When Does a Corporation “Discover” a Wrong by the Controlling Board of Directors?

Limitation periods set defined time limits on when someone must commence a lawsuit once they discover they have been wronged. If a lawsuit is not brought within the limitation period, it can be dismissed out of hand. It is generally accepted that if the directing mind of a corporation has knowledge of a wrong done to the corporation, that knowledge is imputed onto the corporation.

But what happens when a corporation has been wronged, and the wrongdoers are the corporation’s controlling board of directors? If that wrong is discovered by a minority shareholder, is their knowledge imputed onto the corporation? This is an important consideration, given that the claim belongs to the corporation and can generally only be brought by the corporation.

The Saskatchewan Court of Appeal’s decision in CPC Networks Corp. v McDougall Gauley (“CPC Networks”) sheds light on this issue. In this case, minority shareholders of a company became aware of a wrong carried out by majority shareholders. Years later, the minority shareholders took control of the company and filed a statement of claim (the “Statement of Claim”). One of the matters at issue in this case was whether the limitation period had expired when the Statement of Claim was filed.

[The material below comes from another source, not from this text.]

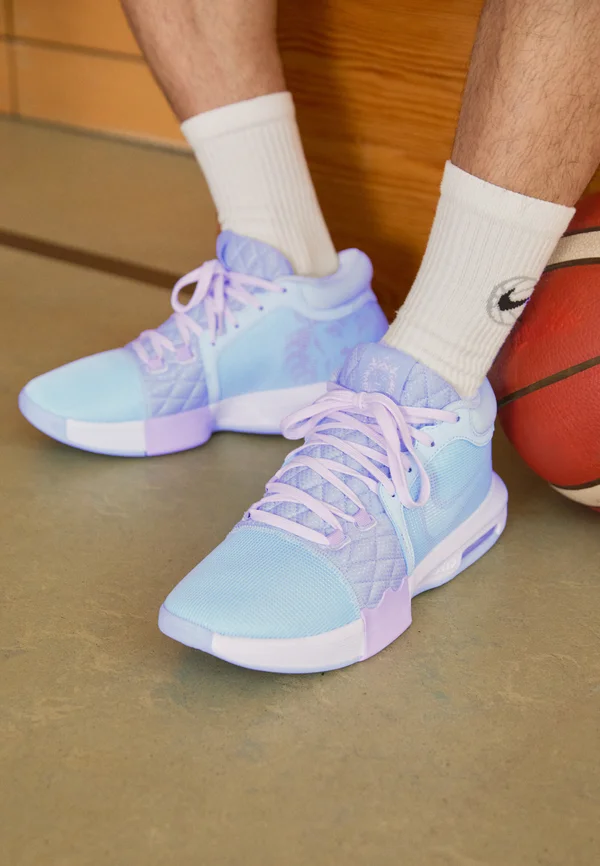 LEBRON WITNESS - Basketballschuh - glacier blue/white/light armory blue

CPC Networks was an appeal from four orders made by a Queen’s Bench Judge. This blog focuses on the appeal of the order denying leave to commence a derivative action (the “Derivative Action”) and the order striking the Statement of Claim.

In 2009, a dispute arose between two minority shareholders and a majority faction within a corporation (the “Corporation”) that led to a series of court proceedings. The minority shareholders alleged that the majority faction had hatched a plot to force them out and acquire their shares. One of the proceedings was a Derivative Action commenced in 2012 claiming the existing directors and the Corporation’s lawyers had engaged in fiduciary breaches which caused damage to the Corporation. The lawyers had ceased acting for the Corporation in 2013. This proceeding was adjourned indefinitely.

By the fall of 2016, the minority and majority shareholders reached a settlement, which resulted in the minority taking control of the Corporation. By January 2018, the Corporation had brought a Statement of Claim against its prior lawyers.

The Saskatchewan Court of Appeal’s Decision

The application for leave to commence the Derivative Action and a competing application by the lawyers to strike the Statement of Claim were both decided in September 2019.

The judge dismissed the application to commence the Derivative Action and allowed the application to strike the Statement of Claim, effectively ending both lawsuits. Both of these orders were based on the belief that the claims were barred by the applicable limitation period because the minority shareholders had discovered the claim by 2012.

Both of these decisions were overturned by the Saskatchewan Court of Appeal, based on legal errors applying limitation periods to corporations: i.e. whether the minority shareholders’ discovery constituted discovery of the corporation for the purposes of applying limitation periods was an arguable issue, and the lower court judge erred by dismissing it out of hand.

Justice Barrington-Foote noted there is sparse case law in Canada relating to limitation periods and corporate knowledge, pointing out that most judges seem to simply assume that the knowledge of the complainant is the relevant consideration. However, he went on to note the decisions in Ridel v Goldberg, 2019 ONCA 636 and Doyle Salewski Inc. v Scott, 2019 ONSC 5108, which suggest that it is not until those with knowledge and independent of the wrongdoing have control of the corporation that the limitation period is commenced.

Justice Barrington-Foote accepted this position and held that there was an arguable issue as to whether the Corporation had knowledge of the claims while they were controlled by the wrongdoers, or whether the knowledge of the Corporation only arose once the minority seized control of the Corporation, so as to commence the limitation period.


CPC Networks, although not definitively deciding the issue of corporate knowledge for the purposes of limitation periods, strongly suggests that where a minority shareholder gains knowledge of wrongdoing within a corporation but has no control to bring a claim on behalf of the corporation, that knowledge cannot automatically be imputed onto the corporation.

Instead, it is a fact-specific analysis looking at when a corporation “knows” and when the corporation is realistically in a position to act and seek redress, given the control being exercised by the wrongdoer. CPC Networks would seem to pull the Canadian case law toward the American “Adverse Domination Doctrine,” which tolls limitation periods while the controlling directors/officers dominate the corporation.

Ultimately, what CPC Networks shows is that the specific factual circumstances and the timing of discovering a corporate wrong should be considered very carefully, with appropriate consideration given to the applicable corporate law principles, when applying limitation periods to wrongs done to a corporation by controlling insiders.

Note: This article is of a general nature only and is not exhaustive of all possible legal rights or remedies. In addition, laws may change over time and should be interpreted only in the context of particular circumstances such that these materials are not intended to be relied upon or taken as legal advice or opinion. Readers should consult a legal professional for specific advice in any particular situation.